What needs to be done:
Return the listing in full and exactly, but without a single picture.

Collected data:
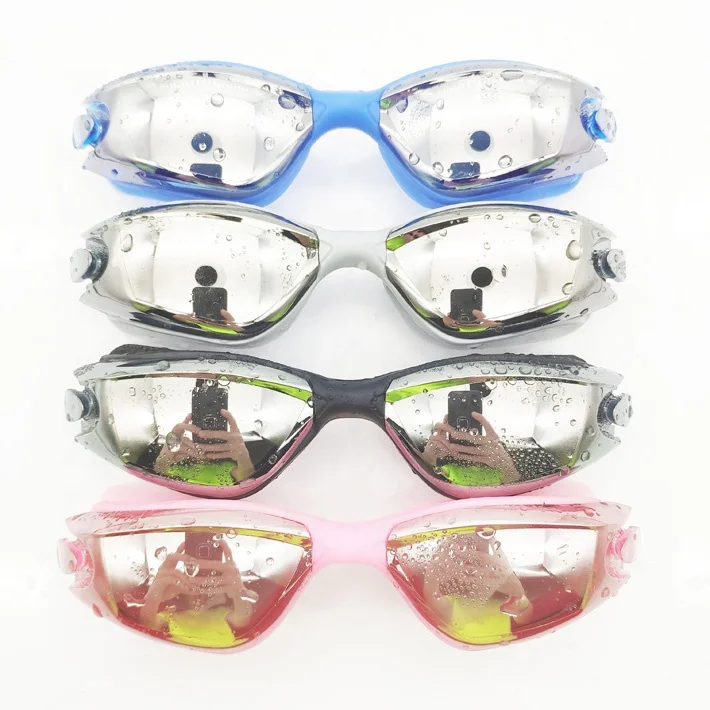 Top Quality  Silicone Frame Hot Selling Anti Fog, Shatter Resistant, UV Proof, Professional Electroplate Waterproof Swim Glasses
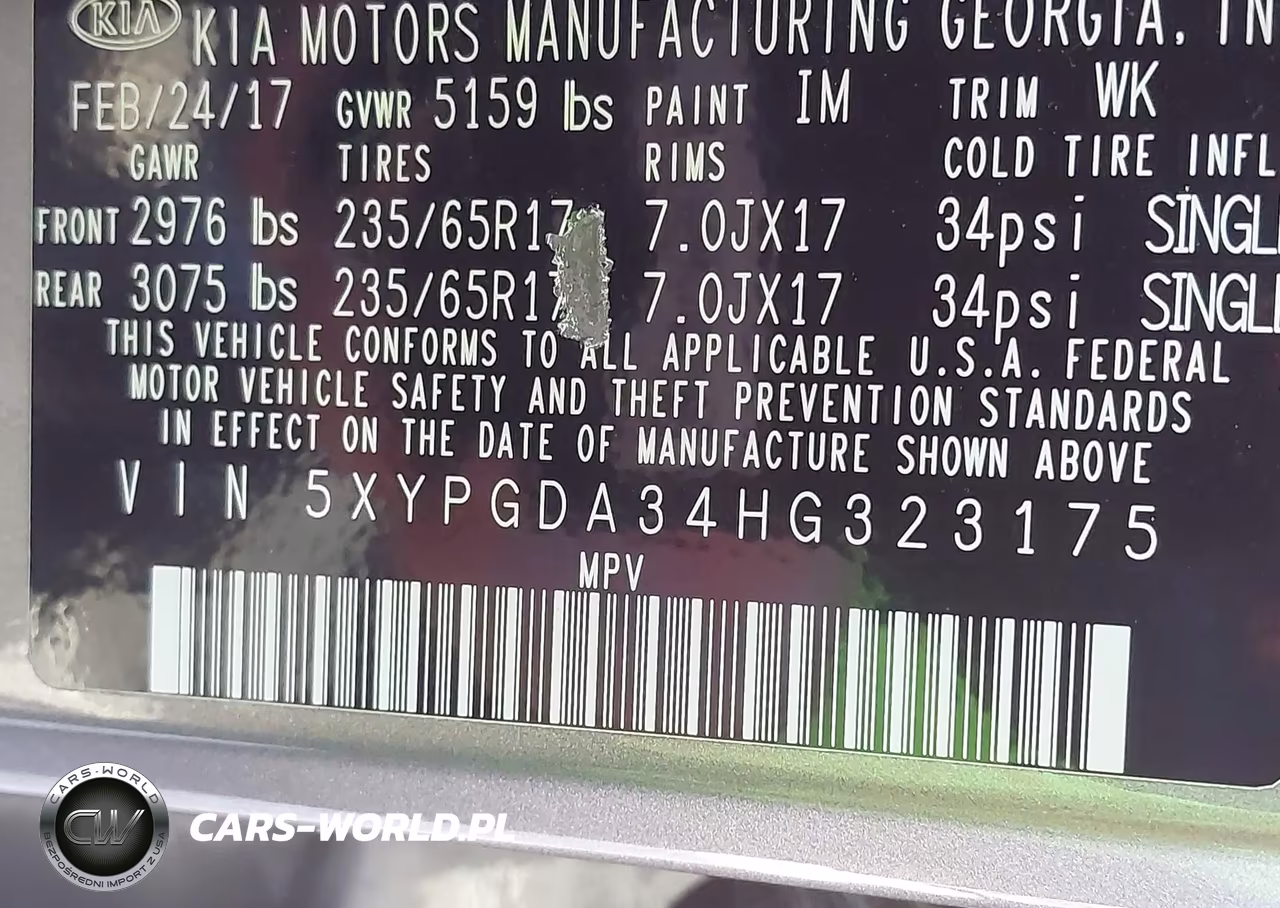 2017 Kia Sorento 2.4L Lx VIN:5XYPGDA34HG323175 - 9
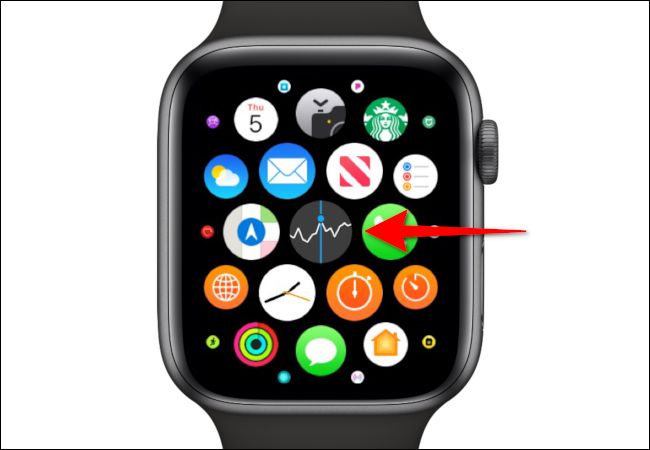 Значок приложения «Акции» на Apple Watch: белая линия тренда на тёмно-сером фоне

The answer:
 Top Quality  Silicone Frame Hot Selling Anti Fog, Shatter Resistant, UV Proof, Professional Electroplate Waterproof Swim Glasses
 2017 Kia Sorento 2.4L Lx VIN:5XYPGDA34HG323175 - 9
 Значок приложения «Акции» на Apple Watch: белая линия тренда на тёмно-сером фоне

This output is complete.